Como Ben Sirac sabe destas recompensas? Sabe a partir das experiências de “gerações passadas”, e aconselha o estudo da história, principalmente da Escritura. O judeu aprende das tradições históricas do seu povo, medita nelas (Sl 78), apela a elas na súplica (cf. Sl 22,5s; 37,25; 44,2-9; Jó 4,7; Is 51,1-3).

As perguntas retóricas requerem a resposta “Não”: a experiência dos ancestrais de Israel prova que Deus não ilude nem abandona nem despreza (mas o conselho de Ben Sirac não dá razão do sofrimento, aparentemente sem sentido, de alguns heróis bíblicos, com Josias em 2Rs 23,29).

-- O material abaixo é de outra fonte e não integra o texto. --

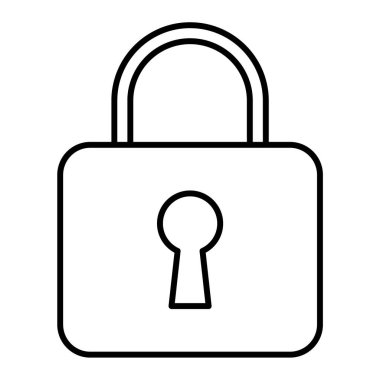 Asma kilit simgesi. Güvenlik sembolü. vektör illüstrasyonu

Das manifestações históricas o autor pode subir ao principal motivo para ser fiel a Deus: às qualidades de Deus, como se revelou diante de Moisés: “Javé passou diante de Moisés, proclamando: ‘Javé, Javé! Deus de compaixão e piedade, lento para a cólera e cheio de amor e fidelidade. Ele conserva o seu amor por milhares de gerações, tolerando a falta, a transgressão e o pecado, mas não deixa ninguém impune: castiga a falta dos pais nos filhos, netos e bisnetos’” (Ex 34,6s; cf. Sl 103,8-14; 145,8-9).

Assim Ben Sirac conclui: “Pois o Senhor é compassivo e misericordioso, perdoa os pecados no tempo da tribulação e protege a todos que o procuram com sinceridade… Cada um de nós se coloque nas mãos do Senhor, e não nas mãos dos homens, pois a misericórdia dele é como a sua grandeza” (vv. 13.18; cf. 2Sm 24,14).

Evangelho: Mc 9,30-37

Ouvimos hoje o segundo anúncio da paixão em Mc seguido por um gesto exemplar.

Jesus e seus discípulos atravessavam a Galileia. Ele não queria que ninguém soubesse disso, pois estava ensinando a seus discípulos (vv. 30-31a).

A instrução aos discípulos à parte da multidão, “em casa” (vv. 28s.33; 10,10) ou como aqui “no caminho” (10,32; cf. 8,27) já é um motivo típico em Mc (cf. 4,10 etc.). Tem a ver com o segredo do messias e a incompreensão dos discípulos, outras características deste evangelho.

E dizia-lhes: “O Filho do Homem vai ser entregue nas mãos dos homens, e eles o matarão. Mas, três dias após sua morte, ele ressuscitará” (vv. 31b-32).

Em Mc, Jesus anuncia três vezes sua paixão, mas cada vez os discípulos reagem mal e Jesus precisa corrigi-los (8,31-33; 9,30-37; 10,32-45). É a expectativa de um messias guerreiro e triunfante que causa o mau entendimento no povo e nos discípulos. Lembramo-nos de que Mc escreveu durante a guerra Judaica (judeus contra romanos em 66-70 d.C.; cf. 13,1-23) e não queria alimentar esta expectativa. Por isso o segredo do messias Jesus: “Ele não queria que ninguém soubesse disso … O Filho do homem vai ser entregue nas mãos dos homens e eles o matarão…” (vv. 30-31). O conceito de um messias aparentemente perdedor e sofredor (cf. o servo sofredor em Is 53) estava na contramão da mentalidade guerreira.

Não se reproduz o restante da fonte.